Comenzamos: no vamos a definir discriminación, como hace implícitamente el Sr. Marco como el acto de “negar su condición de individuo por una condición general de la que no es responsable”, ya que resulta confuso lo que significa “negar su condición de individuo” a alguien. ¿Quiere decir negar los derechos individuales fundamentales legalmente reconocidos o negar el acceso a bienes y servicios personales de quien discrimina, como el saludo, la cooperación, un puesto de trabajo, una cita, un préstamo o darle la hora? Si entendemos la primera parte yo estoy de acuerdo (con algunas reservas), pero sólo en tanto en cuanto esos derechos garantizan la igualdad de trato de los colectivos o grupos en riesgo de discriminación en cuanto al disfrute de los bienes y servicios públicos y también a las obligaciones públicas consecuentes. De esta forma, EL ESTADO no debería promulgar leyes donde se impida o dificulte el acceso a todo el mundo al transporte público en igualdad de condiciones, por ejemplo, ni debería tener en cuenta el sexo, la raza, la religión, la orientación sexual ni ninguna otra característica que no sea el mérito y capacidad en la contratación del personal público.

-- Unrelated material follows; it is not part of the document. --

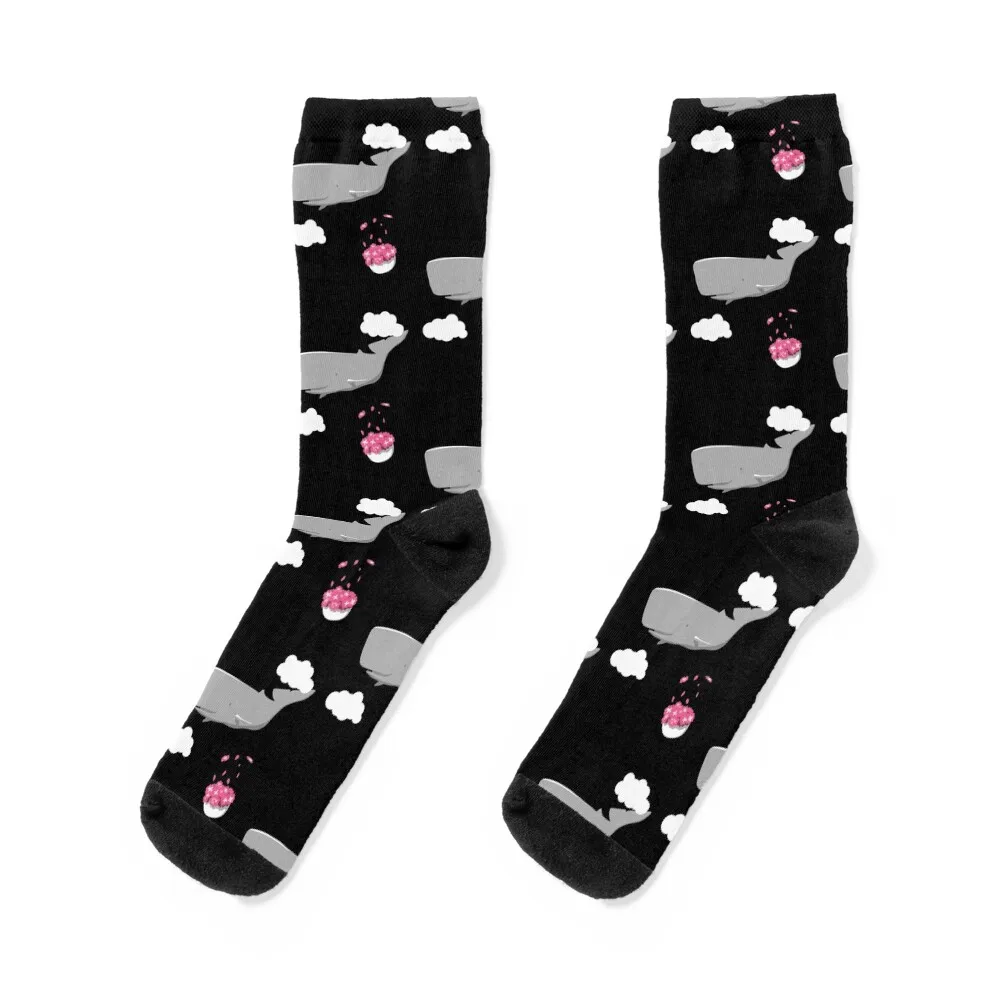 

Infinite Improbability Fall wo text Socks fashionable luxury Novelties New year's Male Socks Women's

Con lo que ya discrepo de forma absoluta (y además creo que todo auténtico liberal debería participar de este convencimiento) es con que la discriminación tenga algo de malo o siquiera de irracional si la entendemos como negar el acceso a recursos privados del que toma la decisión de discriminar a un determinado colectivo. Así pues, creo que no es moralmente censurable ni a priori irracional el que, por ejemplo, un tendero (siempre que no sea el único del pueblo, claro) niegue el acceso a comprar sus productos (o permita el acceso a estos en condiciones discriminatorias) a los miembros de un colectivo en particular identificados de cualquier manera (DNI, color de la piel, aspecto, etc.). De hecho, la discriminación de precios o privilegios basada en la edad, la capacidad adquisitiva, en el sexo, en la profesión, en el calzado o en cualquier otro signo externo son la norma en numerosos sectores que ofrecen descuentos discriminatorios o condicionan el acceso a la indumentaria, y que yo sepa nadie ha protestado nunca a que en muchas discotecas las mujeres puedan entrar gratis, en casi todos los cines los pensionistas y estudiantes disfruten de jugosos descuentos, etc. En los contratos de seguros de todo tipo, por ejemplo, se practica la discriminación basada en multitud de indicadores aproximativos del riesgo individual del asegurado, y tampoco he oído nunca críticas a los seguros de automóvil con menores primas para las mujeres.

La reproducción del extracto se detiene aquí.